As described in "Behaviors",
a
Media adaptors treat their data in one of three ways: as a byte stream, as a character stream, or as a random-access file. New media adaptors should subclass, respectively, multivalent.MediaAdaptorByte, multivalent.MediaAdaptorReader, or multivalent.MediaAdaptorFile.
The essential method for media adaptors is parse(INode)
.
In fact, often a media adaptor is little more than subclassing
and implementing this method.
A media adaptor can assume that its input has been established externally,
either a java.io.InputStream byte stream, java.io.Reader character stream,
or java.io.File, which is created when a MediaAdaptorFile first invokes
getFile()
. Then the parse(INode)
method is invoked
with a node of the document tree to which to attach the content
of the document being read.
parse(INode)
is usually a big loop
that reads from the document format
and creates a runtime representation in multivalent.Node
s.
As far as possible, the runtime document tree should be slavishly
faithful, preserving all information found in the file format.
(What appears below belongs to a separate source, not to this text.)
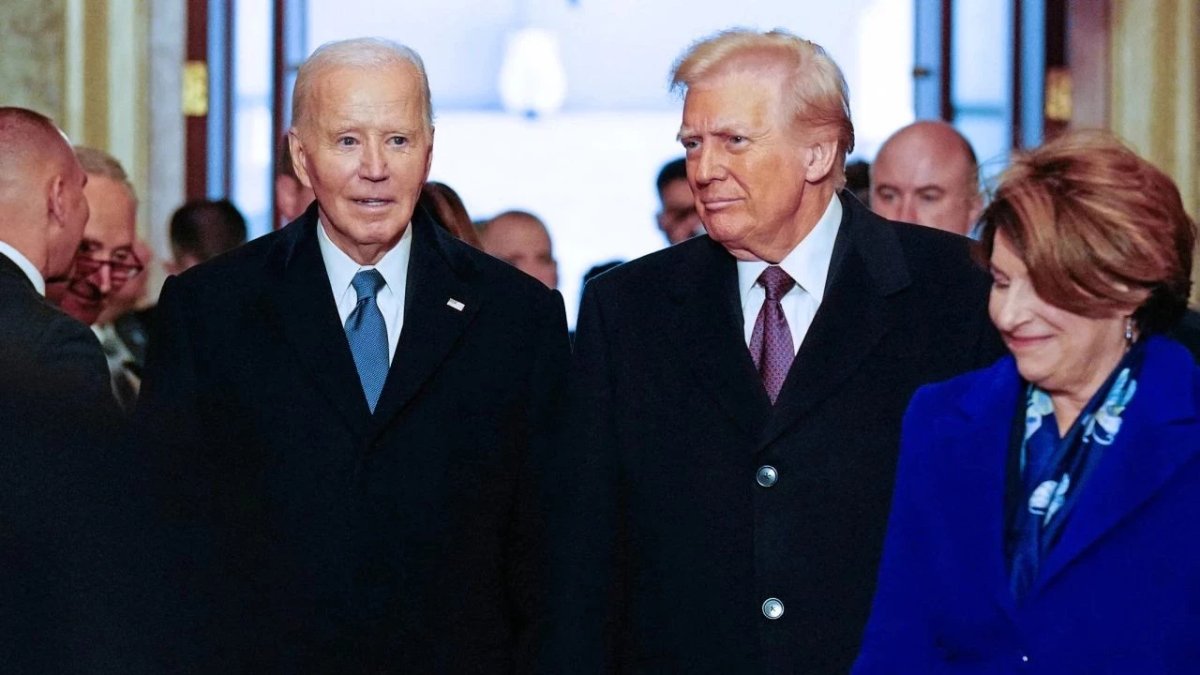 Trump, Biden'ın imzalamadığı tüm kararnameleri iptal etti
Structure or hierarchy should be represented as internal nodes;
content such as text or images should be represented as leaves.
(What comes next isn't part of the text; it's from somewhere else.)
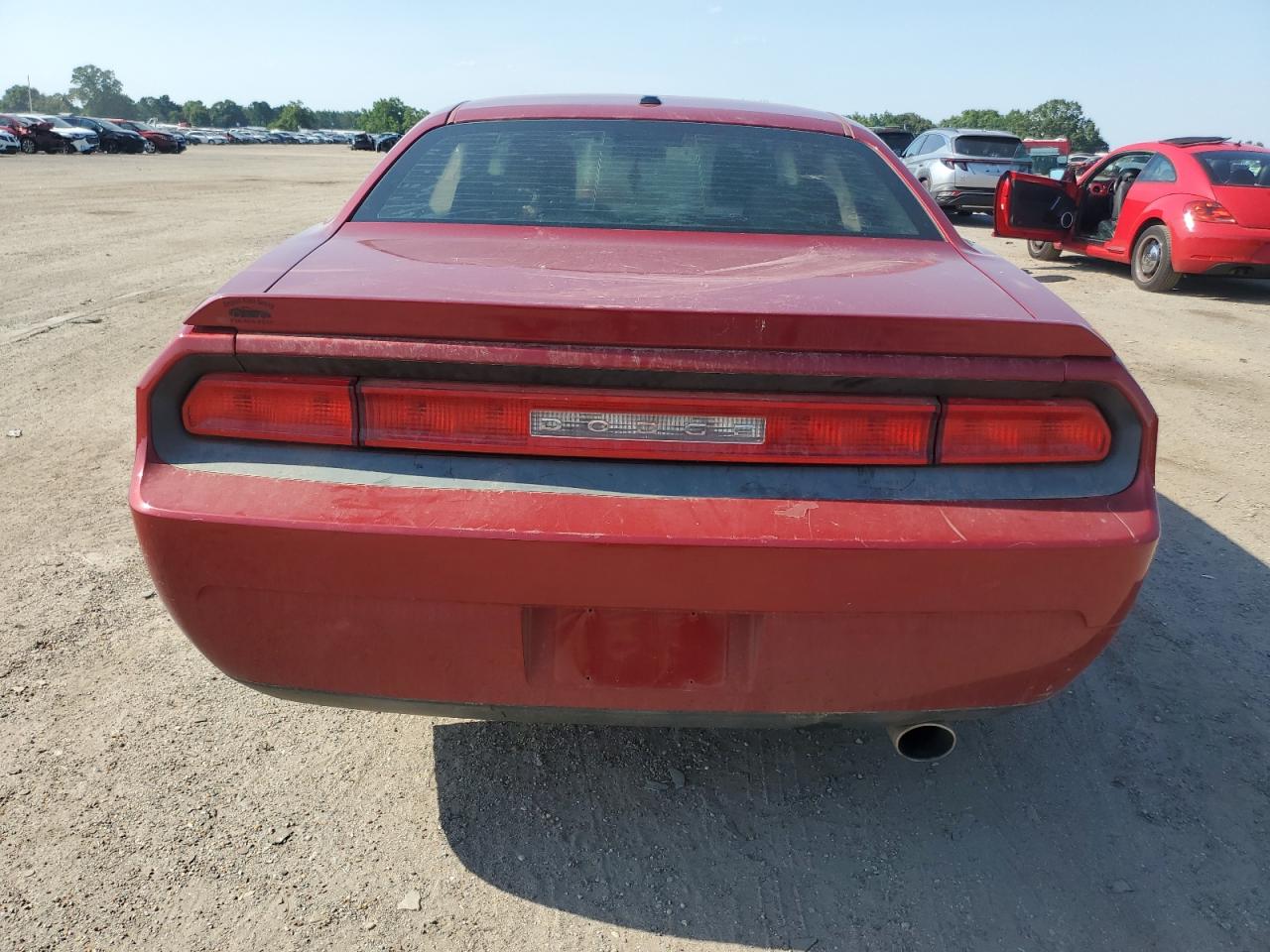 2B3LJ44VX9H526735 2009 Dodge Challenger Se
Presentation / appearance should be captured as a stylesheet if possible,
or as multivalent.Span
s if not.
If spans start and end points can be separated by an arbitrary distance,
as in HTML, multivalent.Span
's
open(Node)
and close(Node)
can be a
convenient way to attach spans to content.
Metadata, such as author and dates, should be stored in the closest
containing multivalent.Document
.
Most media adaptors make a "top node" or "document root"
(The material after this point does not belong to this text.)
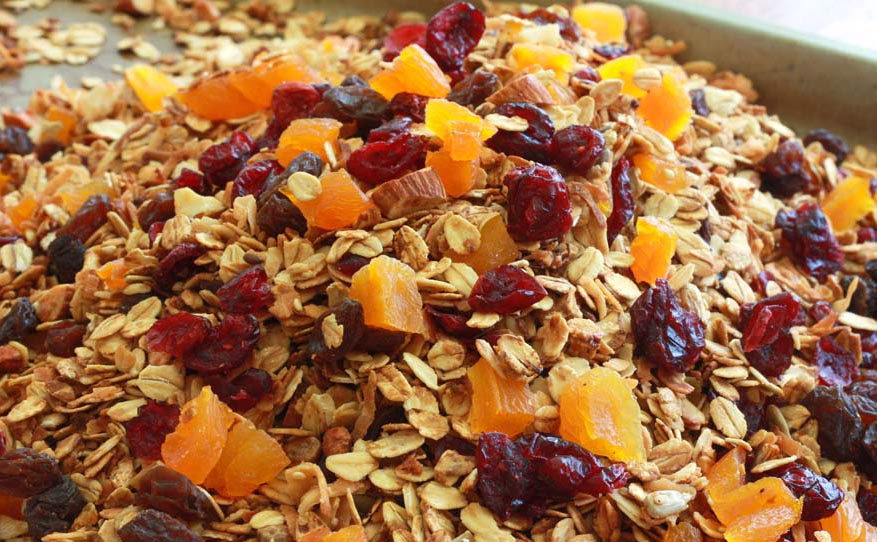 Healthy Homemade Granola by The Daring Gourmet http://www.daringgourmet.com/2013/04/29/healthy-homemade-granola/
of their own, underneath the passed Node,
and give it a tag/name that's that same as the document format;
this is a convenient way for the associated stylesheet
to affect the entire document.
Documents such as HTML that produce a long scroll should be created
in their entirety. Paginated documents, such as DVI and PDF, should
supply the page count to the prevailing document under the
Document.ATTR_PAGECNT
attribute, and should produce the single page
specified by the Document.ATTR_PAGE
attribute.
If encountering an unfixable/unrecoverable parsing error,
usually due to an invalid data format, throw a multivalent.ParseException
.
java.io.IOException
s are not parsing errors, and
should be reported as I/O errors.
The node passed as a parameter to parse(Node)
can be
used to obtain the prevailing/enclosing
multivalent.Document
and
multivalent.Browser
, via Node.getDocument()
and Node.getBrowser()
. However, media adaptors can be
used outside of a browser environment, as to supply parsed text
full-text indexing, and so media adaptors should not rely on the node
being connected to a larger tree.
It is recommended that media adaptors construct document trees that
directly and fully represent the document format. However, it can be
expedient to write a quick-and-dirty converter into another a document
format, such as Perl POD to HTML. In that case, the converter can
generated the target format and throw it to
MediaAdaptor.parseHelper()
to convert that to a document
tree.
Media adaptors are packaged like other behaviors, in JARs. Media adaptors usually hook into the system in a different way, however. Media adaptors want to be invoked when a document of the right type is encountered. The relationship between a document MIME type and/or file suffix and a media adaptor is established in sys/Preferences.txt. At startup the system will read its own sys/Preference.txt startup file, then those in all JARs in the same directory in an undefined order, then the one found in a user's home directory.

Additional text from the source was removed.